Adds a new Nunjucks parameter (fallbackHintText) which allows the user to customise the fallback message used on the character count in situations where JavaScript is not available. This text is also exposed to assistive technologies, regardless of JavaScript availability.

It uses Nunjucks' replace filter to swap instances of the string %{count} with the value of maxwords, if defined, or maxlength.

Closes #2687.

Questions

  1. Does fallbackHintText make sense as the name for this parameter? It was named limitHint in the i18n tech spike, but I changed it here as this piece of text is commonly referred to as being the fallback and it helps avoid confusion with the live limit counter that the JS adds.
  2. Currently only one parameter is made available for customisation.

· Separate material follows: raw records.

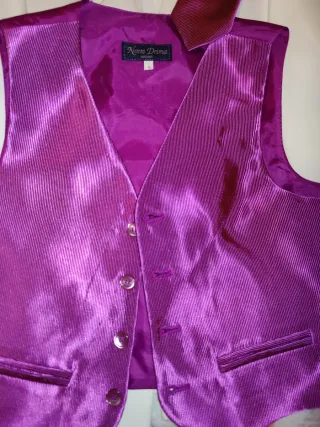 Traje Comunión Blanco y morado Talla 6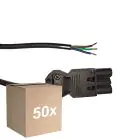 Confezione Multipack 50x Noxion GST - Compatibile Cavo di alimentazione Nero - Maschio + Estremità aperte - 3m - 3 pole 0,75mm2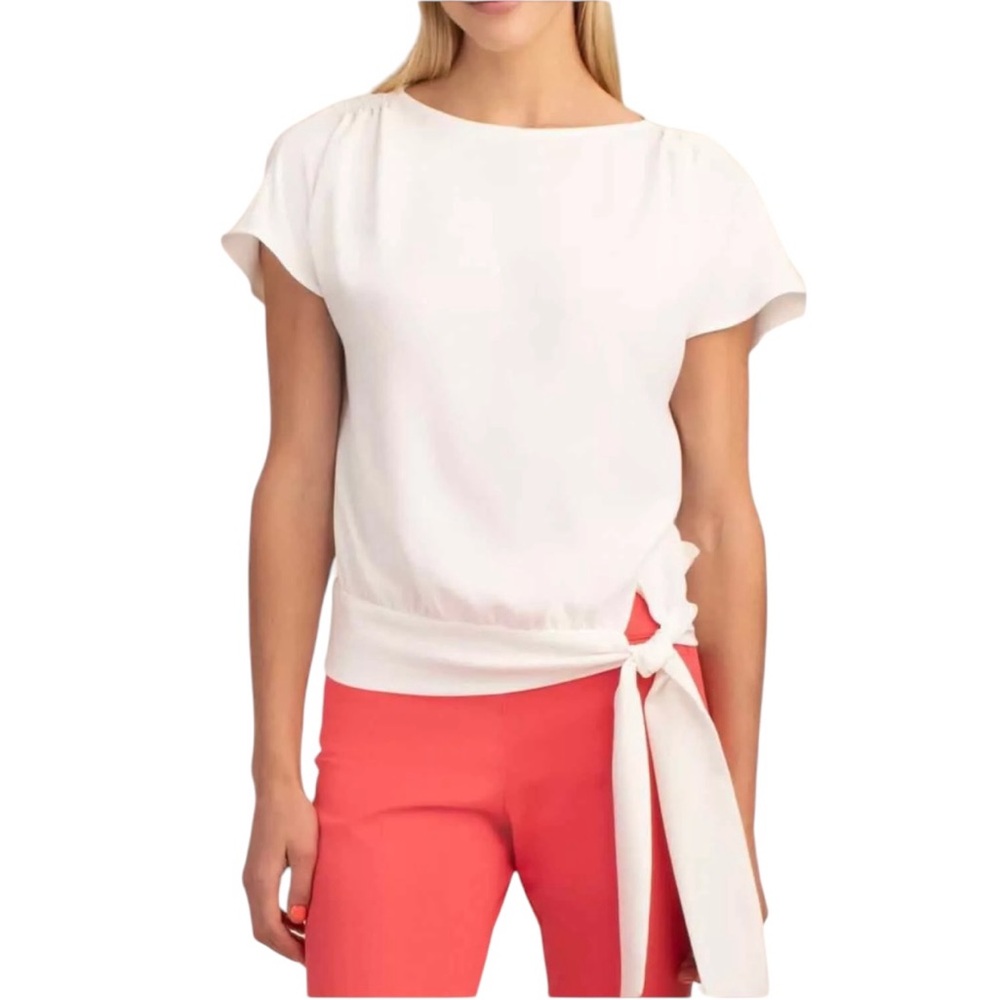 Trina Turk Salas Top Tie Waist Blouse Womens XSmall Ivory Short Sleeve Ruched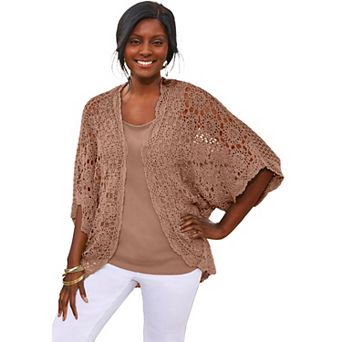 Jessica London Women's Plus Size Crochet Cardigan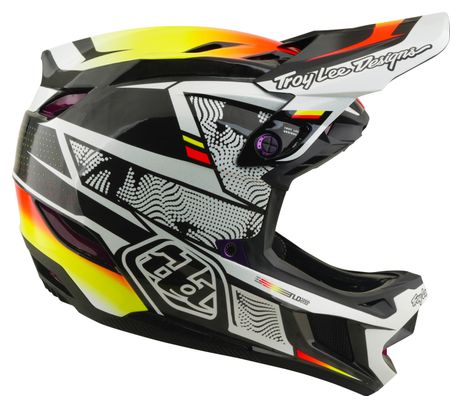 Casco integral Troy Lee Designs D4 Carbon con sistema MIPS, modelo Lined Up, color negro
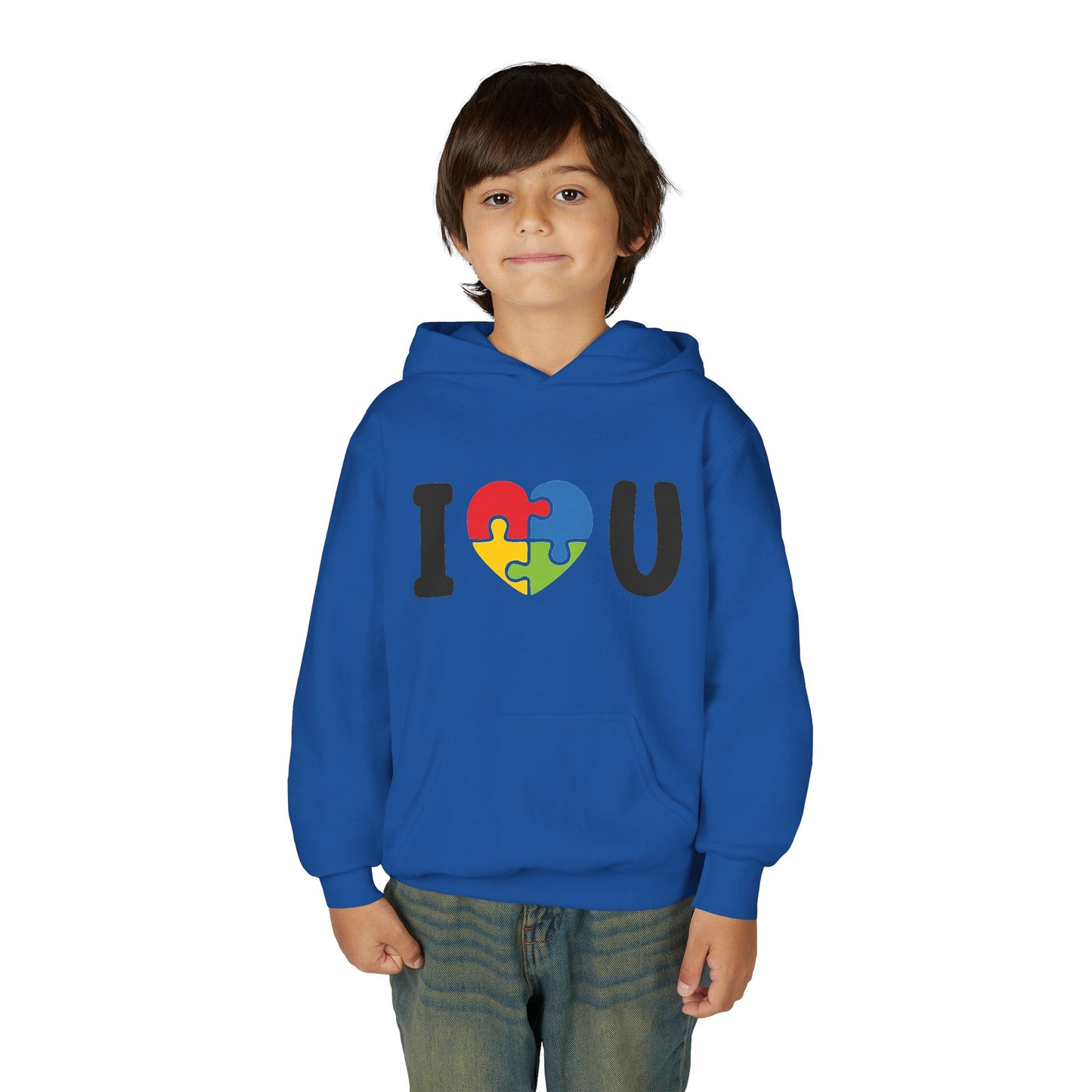 Colorful I  U Puzzle Heart Youth Hoodie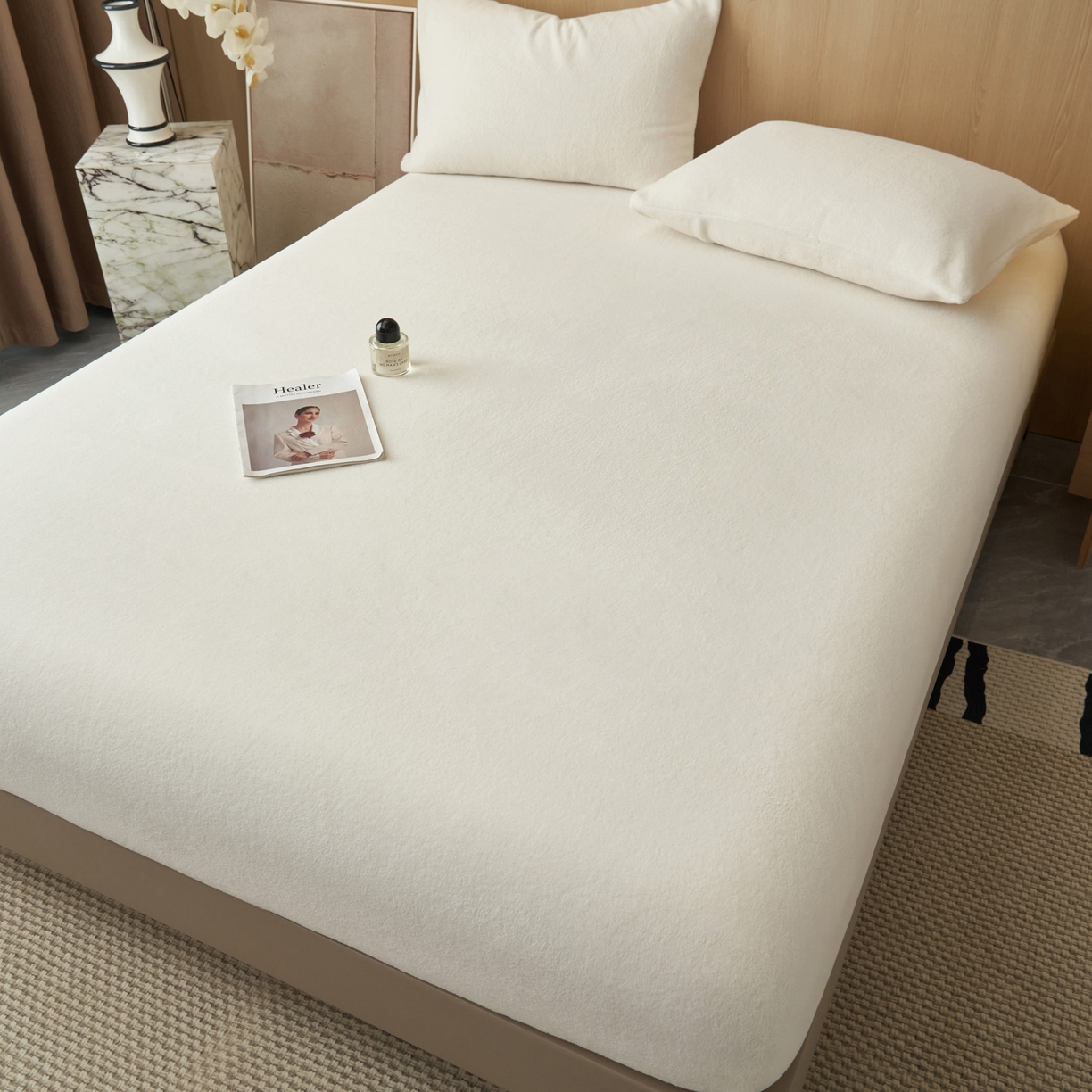 91家纺网 家纺一手货源 找家纺 早晨家纺 2025新款高克重牛奶绒纯色单床笠 牛奶绒-奶白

Our English language default switches strings dynamically depending on whether we're counting characters or words, however this would only be possible with localisation if we provided two separate parameters—should we do so?
  3. Currently this doesn't support HTML. Does we want it to?

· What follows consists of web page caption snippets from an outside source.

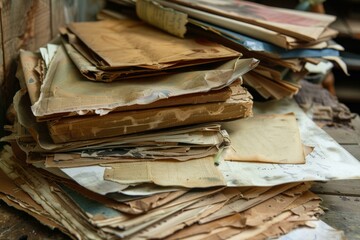 Stacked old papers and file folders sitting on a desk, showing their age with tears and wrinkles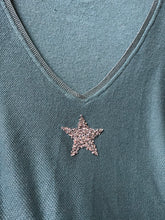 Load image into Gallery viewer, Cosy Glitter Star Tops (teal, navy)
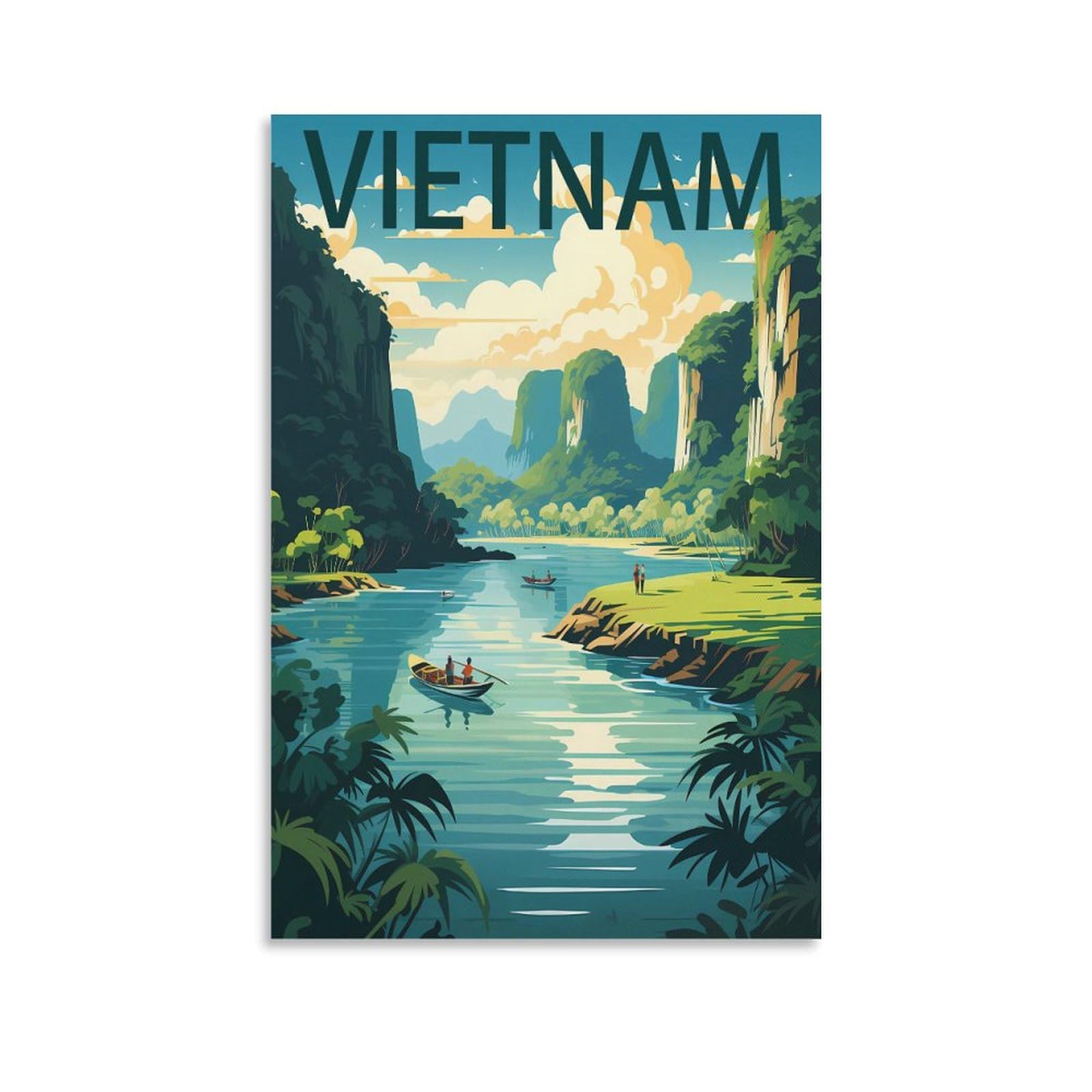 LHJOIUN Vietnam Lake Vintage Travel Poster Strait 08x12inch(20x30cm) Art Canvas Print For Living Room Bedroom Home Decoration Modern Art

I'm keeping this in draft for the time being as this work doesn't really make sense without the equivalent JavaScript portion (a user is unlikely to customise one and not the other), and we probably want to merge them into main for the same release.

querkmachine avatar Aug 02 '22 14:08 querkmachine

My thoughts:

  1. I like fallbackHintText - compared to limitHint it better explains what the text is being used for, whereas in the original spike I had to do some digging to figure out what limitHint was.
  2. I’m not 100% sure I understand this point. At the point someone is using the component, they’ll have to provide a limit for either characters or words, and therefore the translation string to match that - is that right? So I’m unsure where they’d need to be able to switch dynamically.
  3. While this uses the hint component behind the scenes (which does accept HTML), I think this use case is a bit different to normal and it’s unlikely you’d need to pass HTML, like a link. I would lean towards not being able to pass HTML in. I think the way we’ve implemented this means we could easily add fallbackHintHtml if we needed to.

vanitabarrett avatar Aug 09 '22 12:08 vanitabarrett

@vanitabarrett Regarding number 2: This was me trying to think of a solution to a possible source of confusion: In English, setting the maxwords parameter will automatically change the text, but in other languages it won't.

I realise this isn't a big deal, just trying to cover off the bases!

querkmachine avatar Aug 09 '22 13:08 querkmachine

@querkmachine Hm, that's true. That might be ok, because it's the default? Tempted to try it out as-is for now and then consider adding something in if people found it confusing to use.

vanitabarrett avatar Aug 09 '22 14:08 vanitabarrett

@vanitabarrett Do you think we should wait until the JavaScript equivalent of this work is closer to completion before merging? It seems weird to release one without the other, even if they are functionally independent.

querkmachine avatar Aug 09 '22 14:08 querkmachine

@querkmachine I don't really have a strong opinion on it. On one side, we already have components where you can end up with mixed languages, whereas on the other side this feels different because it's letting you translate only some of the component 'furniture'. I'm happy for this to sit here until we're more confident in knowing when we're shipping the internationalisation work.